Metro: Last Light: The Kotaku Review

Metro: Last Light: The Kotaku Review

What will the world look like after the bombs fall? Can God exist in a place without hope? When man’s desire to survive overrides his morality, is the empire he constructs worth saving?

Those are some of the questions raised by Metro: Last Light. The (cheery!) first-person shooter is Russian studio 4A Games’ follow-up to their flawed 2010 gem, Metro 2033. The Metro games are based on the works of author Dmitry Glukhovsky; the first game was based on his novel of the same name, and while the sequel isn’t based on a specific work, it directly carries on the first game’s storyline.

The Metro series is set some years after nuclear war has ruined the surface of the Earth and put an end to civilisation as we know it. In Russia, survivors have retreated to the Metro, re-forging a bleak semi-existence in the tunnels beneath the city. This is the sort of game that mentions, in its opening cinematic, the very real possibility that God is dead.

Like Metro 2033, Last Light tells the story of a soldier named Artyom. The tale stands on its own, though it does assume a fair amount of knowledge of the conflict at the heart of the first game. That conflict centres around the mysterious “Dark Ones,” freaky-looking humanoid beings who possess psychic powers and terrify the human denizens of the Metro. Last Light assumes that players got the “bad ending” in Metro 2033 and took the option to blast the entire population of Dark Ones into oblivion. The subsequent discovery of a single surviving Dark One sets the plot of Last Light in motion.

What follows is a breathless, well-paced and, aside from a handful of moral choices that affect the story’s outcome, resolutely linear single-player story that has Artyom touring the lair of the fascistic Fourth Reich, a compound staffed by a powerful Communist army, and working his way through all manner of spooky catacombs, caves, and numerous jaunts to the surface.

Metro: Last Light: The Kotaku Review

The peaks and troughs of the narrative have been organised with a great deal of care; the story shifts between non-combat exploration, stealth, all-out firefights, and horror-tinged monster fighting with ease. One moment you’ll find yourself in a factory taking on squads of well-armed soldiers, and shortly afterward you’ll be alone in a swamp, facing off against horrible crab-monsters. 4A seems to have taken notes from Half-Life 2 in a number of places; while there aren’t any puzzles to solve, the game’s pacing often recalls Valve’s 2004 masterpiece. The mostly surdy story only truly falters in the final act, where a series of revelations stack on top of one another so quickly that vital plot points go half-mentioned and it’s easy to lose track of what’s going on.

As they did in Metro 2033, 4A regularly demonstrates an uncanny mastery of the alchemy of atmosphere. Underground cities bustle and radiate with wretched life, and each location has been crafted with a rare degree of detail.

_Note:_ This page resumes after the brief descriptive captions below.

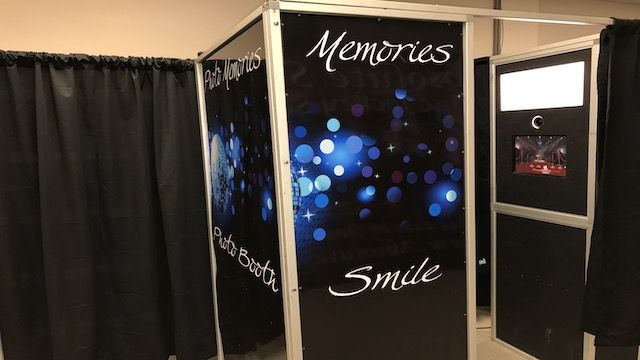 3 HOUR HOLIDAY "Classic Style" Photo Booth Package (Two Printed Photo Strips AND Digital Photos)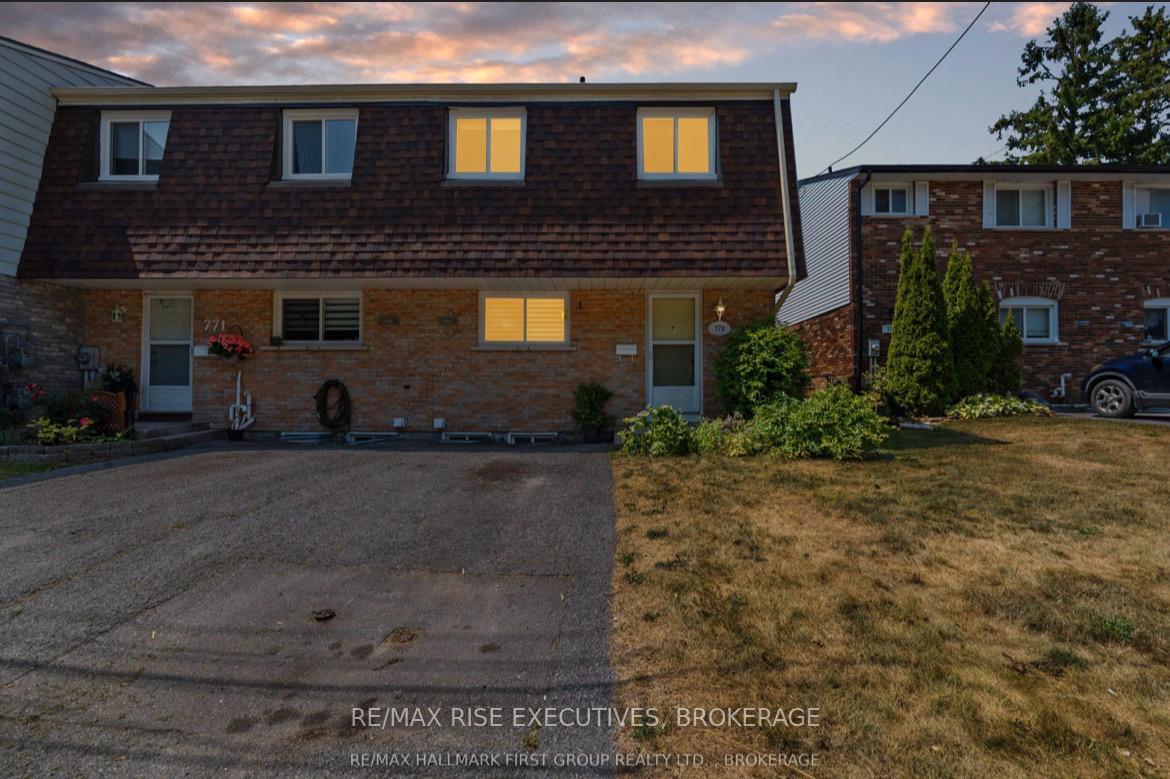 Photo 2 of Unit 175, 773 Ashwood Drive, Kingston, South of Taylor-Kidd Blvd — HOMEH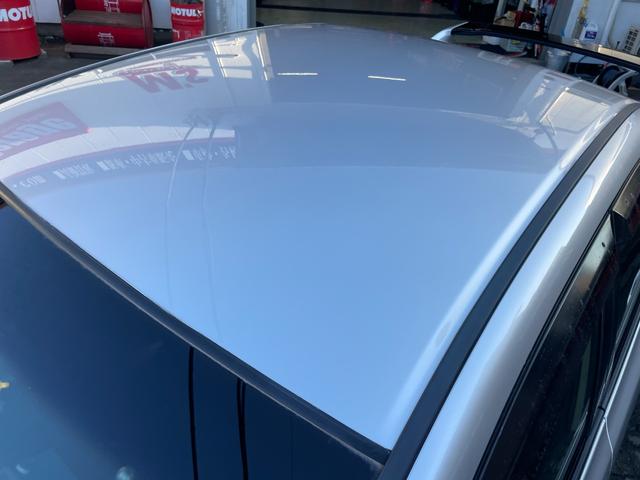 シビック タイプＲ　ノーマル車体／黒内装／Ｋ２０Ａエンジン／プッシュスタート／タイプＲ専用シート／６ＭＴ／純正ナビ／純正ブレンボキャリパー／ＨＩＤヘッドライト／パワーウインドウ／キーレス／純正１８インチアルミホイール（25枚目）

There’s not much to do in most cities, aside from stopping off to refill your ammunition and maybe customise one of your weapons, but I found myself regularly sidetracked, listening to traders talk about their most recent sorties, or soldiers telling grim tales of survival.

When in the field, you can carry three guns at a time, along with a varied arsenal of throwing knives, grenades, and other survival equipment. Weapons come in the usual variety of assault rifles, shotguns, sniper rifles and pistols, with a few variations. Each weapon can be upgraded with silencers, scopes, sights and stocks, though I found little reason to deviate beyond my standard silenced pistol/shotgun/assault rifle setup.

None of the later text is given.